Touch
Local Arts Reviews
Reviewed by Molly Beth Brenner, Fri., April 18, 2003
Touch: Moving in Many Ways
Bass Concert Hall, April 4
Some dance works are outstanding because the performers' sheer ability whisks you out of yourself and into the realm of awe and wonder. Some pieces stand out because their choreography presents a fresh perspective on the human body's relationship to other bodies in space. And then there are pieces that have both stunning choreography and dancing, but also seem to open a level of emotional connection with the audience that's more direct than even language-based works of art. Ballet Austin's Touch, choreographed by Artistic Director Stephen Mills, was one of these rare productions. During the three dances that made up the evening, I was alternately energized, touched, and transported to that place of awe inhabited by performances of great beauty.
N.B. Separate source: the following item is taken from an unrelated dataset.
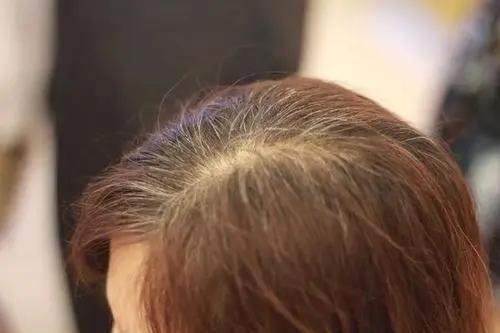 “气血不足”的人容易白发丛生？这4种食物或可“补气养血”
The evening's three pieces were markedly different in tone, but all were stamped with Mills' distinctive choreographic style, a blend of ordinary human gesture, modern dance, and traditional ballet. The first piece, "She Was," took place in the shadow of huge, winglike screens surrounding the dancers, on which film of nature scenes by multimedia artist Marc Rosenthal was projected. Close-ups of velvety purple pansies glowed behind a lovers' duet, in which graceful lifts were sprinkled with simple caresses; clouds raced across the sky while dancers agitated in arrhythmic echoes of movement, to Philip Hamilton's haunting original music. The second piece, "One/The body's grace," was a trio of breathtaking duets on a bare stage, with simple, classic lighting by Tony Tucci and music by Handel, Gluck, and J.S. Bach. At one point, the dancers engaged in a sort of musical chairs with their partners, bringing to my mind the six degrees of separation that are said to divide (and connect) us all. The title piece, "Touch," took place in a sparse, desertlike world; with a black dune in the background, groups of dancers sped in patterns of movement that reminded me of pedestrian traffic on a busy street.
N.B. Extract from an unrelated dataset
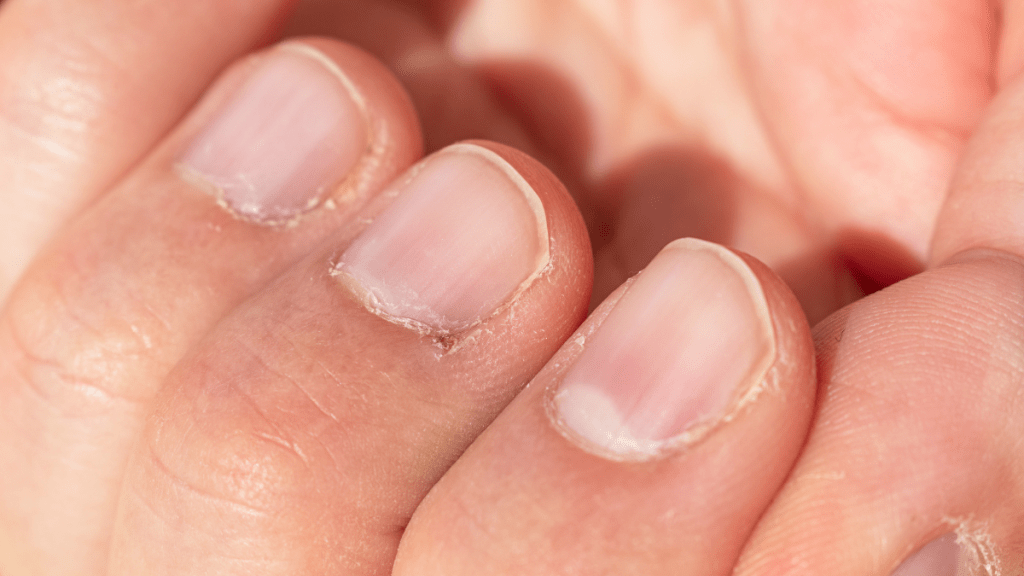 Eine Hand mit trockener Nagelhaut.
The continuity of all the pieces was punctuated by dancers' bodies suddenly ceasing in midmotion, like robots switched off abruptly. At these moments, other dancers would pick up the stalled bodies and move them aside. Added to the synthetic-yet-natural effect of the lush nature footage as a backdrop, this curious stalling out of bodies gave me the sense that natural and manmade worlds were colliding. At one moment it seemed we were watching beautifully articulated androids in a technologically enhanced, better-than-real environment; at the next, the dancers became all-too-human beings, whose momentary hesitations made them pause in midaction, unsure how to proceed. Although the non-narrative nature of the pieces allowed me to make whatever interpretations I chose, the human frailty implicit in the dancers' truncated movements, along with the everyday gestures that broke through the surface of the dance, were somehow moving in a way that words can't effectively capture. Thought provoking and beautifully executed, Touch contained an emotional efficiency that's rare even in word-based works of art.